Saturday, November 25, 2006

The trip home...

5 Thanksgivings ago, Pam died.

She died on the Friday after Thanksgiving, in the evening. I got the news about 10:00 PM.

The year she died, we lived in Red State. Hubby and I had spent a fun day hanging out, eating leftovers and watching the Nebraska vs. Colorado game on TV. We had a bet... if Colorado won, hubby got a large stuffed buffalo.

One of the last normal things I remember doing was ordering that buffalo off of the internet. I went to the University of Colorado bookstore's website and paid about $50.00 for a big stuffed animal. Every time I look at "Ralphie", I think about the day my sister died.

Everything after that was non-normal. I was 33 when she died -- and her death is the dividing line between 'then' and 'now'.

5 Thanksgivings ago, about this time in the morning on the Saturday after Thanksgiving, hubby and I started our trek home.

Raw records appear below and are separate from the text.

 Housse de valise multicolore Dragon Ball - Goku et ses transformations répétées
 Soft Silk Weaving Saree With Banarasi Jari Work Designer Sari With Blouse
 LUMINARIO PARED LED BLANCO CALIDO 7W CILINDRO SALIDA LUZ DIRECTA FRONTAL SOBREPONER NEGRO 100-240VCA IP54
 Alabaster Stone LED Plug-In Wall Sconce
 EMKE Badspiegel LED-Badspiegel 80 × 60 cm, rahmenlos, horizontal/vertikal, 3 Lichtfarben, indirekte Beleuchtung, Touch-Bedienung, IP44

I remember driving in our red Ford. Crossing bleak, flat states and empty farm fields. The Midwest in the winter without snow is pretty bleak. I felt very bleak -- and the world was brown and grey. There was nothing outside to distract me from the grief.

That trip was the beginning of the time that I learned that human tears are endless. You could literally cry forever, without stopping. I wondered if I'd ever stop. I wondered if I'd ever be normal again. I worried about the future, I was now my mom's only child. I worried about the pressure of caring for her in her old age. It made me mad that everyone in my family had at least one living sibling and now I didn't.

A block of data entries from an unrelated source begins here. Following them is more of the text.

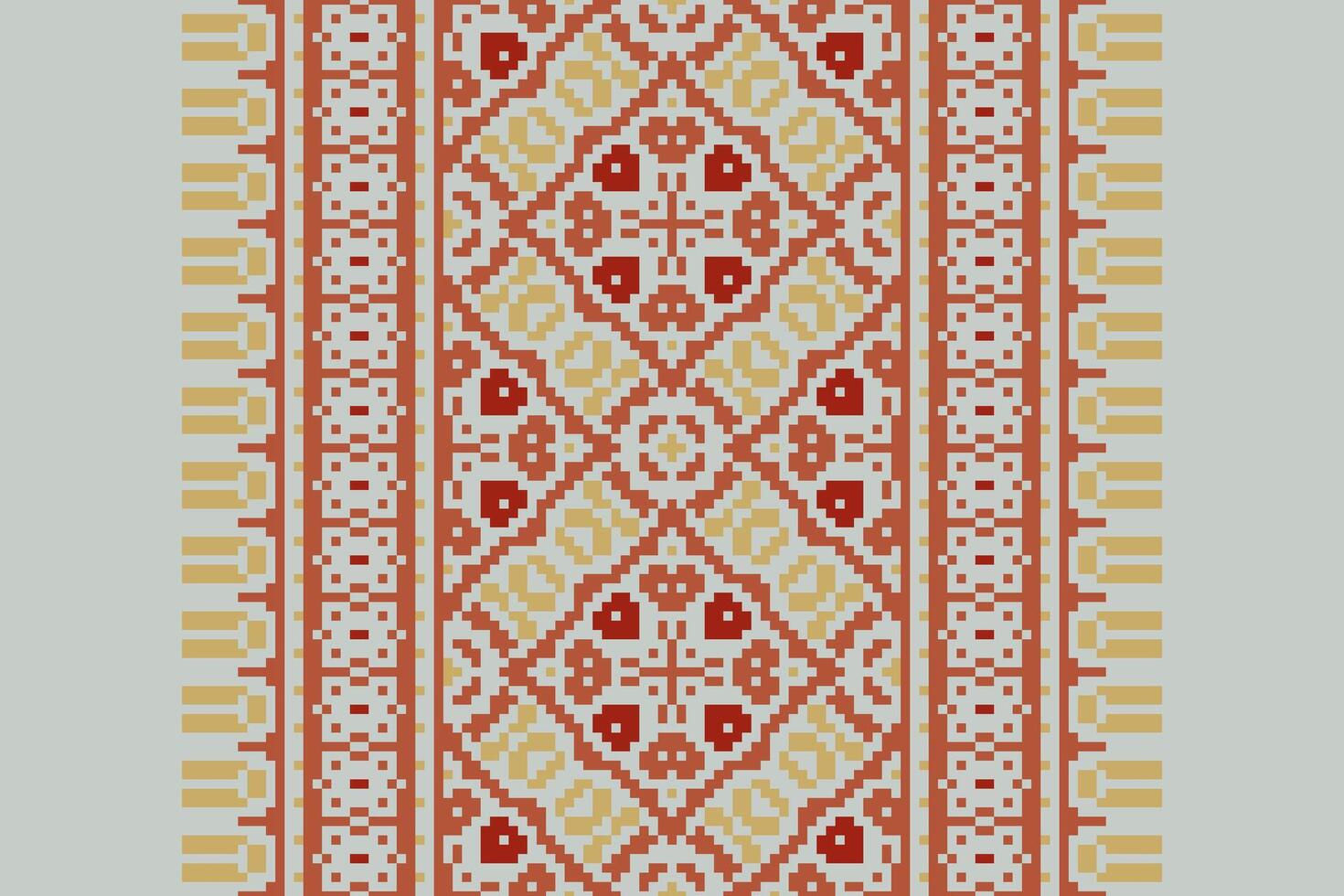Dupatta Pattern Seamless Scandinavian pattern Motif embroidery, Pixel Ikat embroidery Design for Print jacquard slavic pattern folklore pattern kente arabesque vector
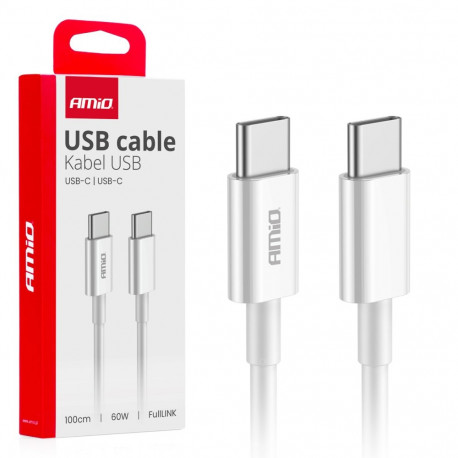 usb-c – usb-c 60w 100cm laadimiskaabel fulllink amio-03896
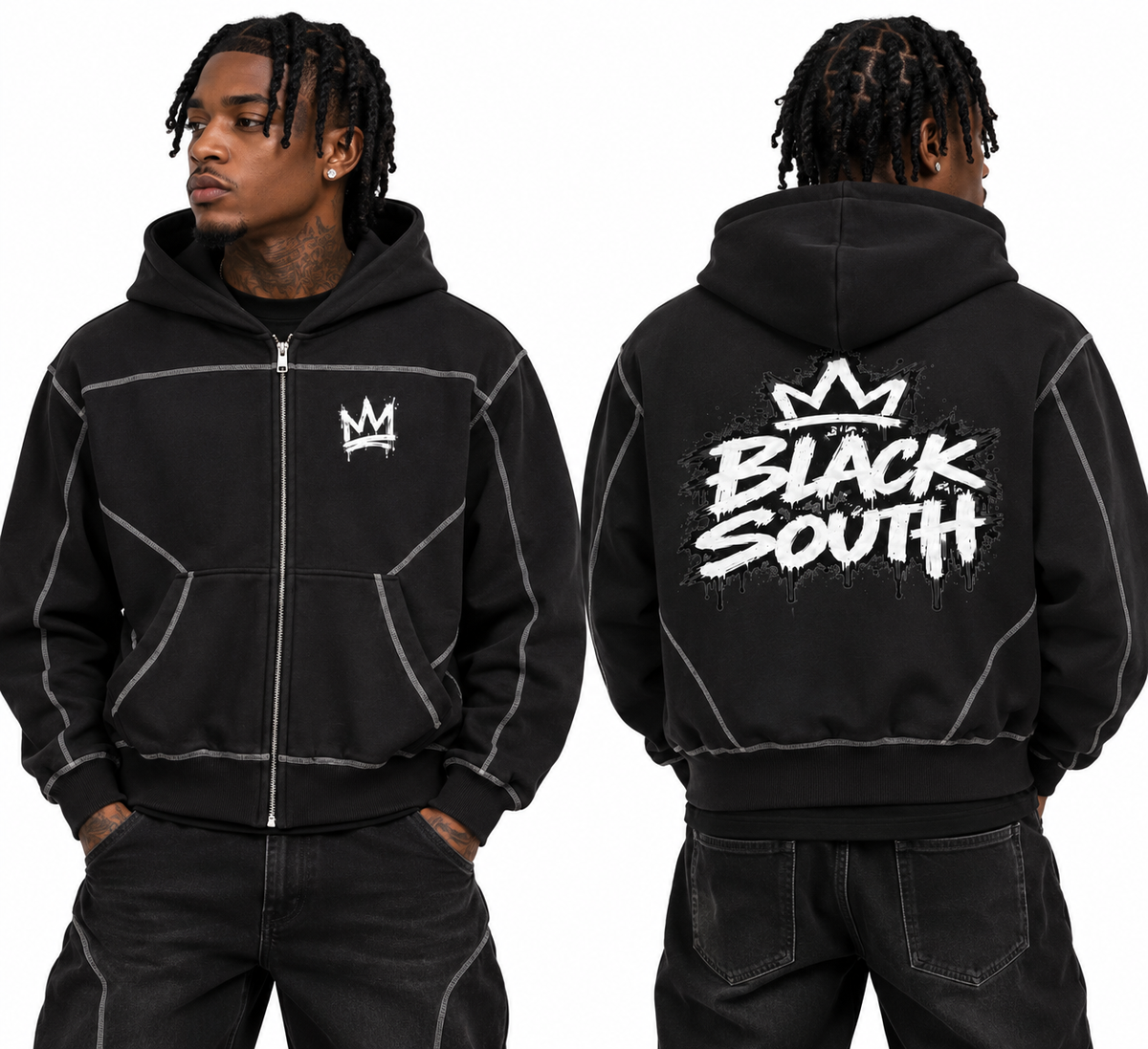 Beesmoove BlackSouth Crownback Set Boxy Zip Hoodie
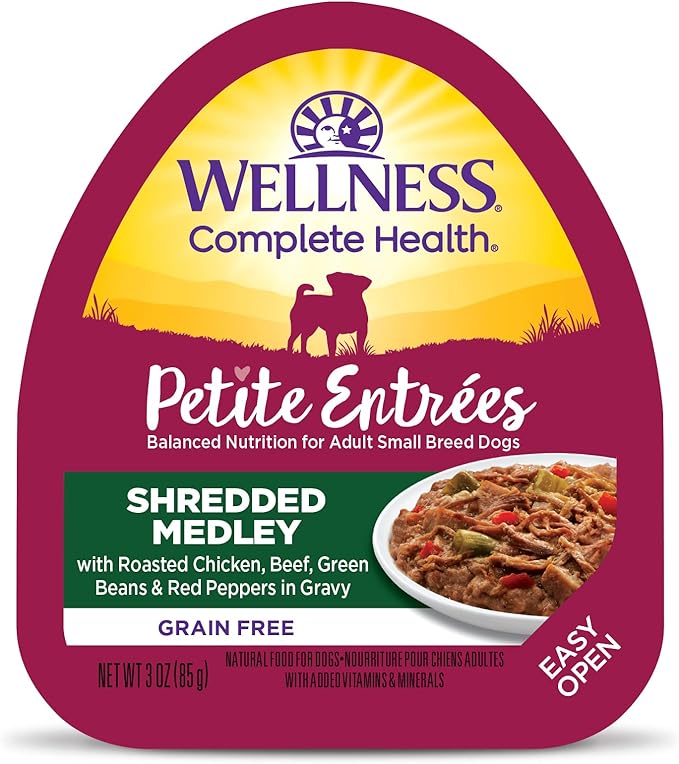 Wellness Petite Entrees Shredded Medley Small Breed Adult Wet Dog Food, Grain Free, Natural, Roasted Chicken, Beef, Green Beans, and Red Peppers, 3 oz, Pack of 12 Cups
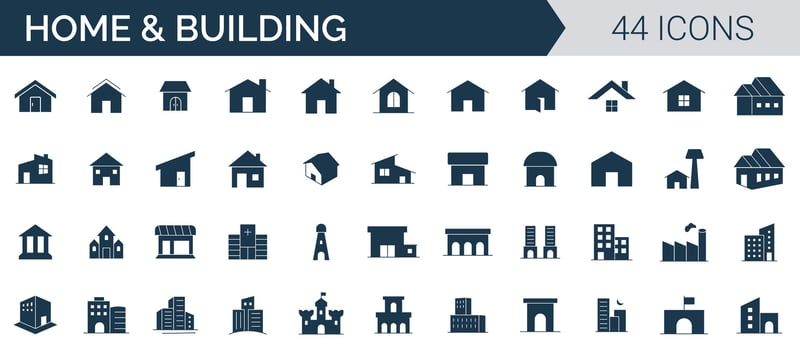Home and Building icon set vector. collection of house, building, apartment, architecture, and construction solid icons vector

That day we got as far as my in-laws in the Twin Cities. I remember eating their leftover Turkey and dressing and getting lots of hugs from both my mother in law and her wonderful husband. I remember sitting on their beautiful leather couch and sliding off of it (it seems by behind isn't ment to sit on beautiful leather couches).

The next day, the Sunday of Thanksgiving weekend, I finally made it to Mom's house.

Mom wasn't there when we arrived. Pam's husband M, his mother C and siblings B and J were there -- as were a bunch of her friends. B and J had to bring M's car keys up -- since Pam was the last one to have them and they couldn't find them in her things... Thank goodness C had her car up there as well. C and J had been cooking and cleaning, so I walked into a home that smelled good and in to people who loved Pam. I couldn't have been anyplace else at that moment.

A few hours after we got there, Mom finally arrived from southern Missouri. I've never been hugged so hard in all my life. Mom was crying and saying things like, 'I was sure you'd be in a car accident on the way up here'.

That day I realized that the universe isn't predictable. That it is very possible for people you love most exist one day and not the next. They can just die without you having the chance to say goodbye. For this reason I NEVER part from hubby without saying "I love you". I end every conversation with him with "I love you". This is because I never want my last words to him to be anything except "I love you".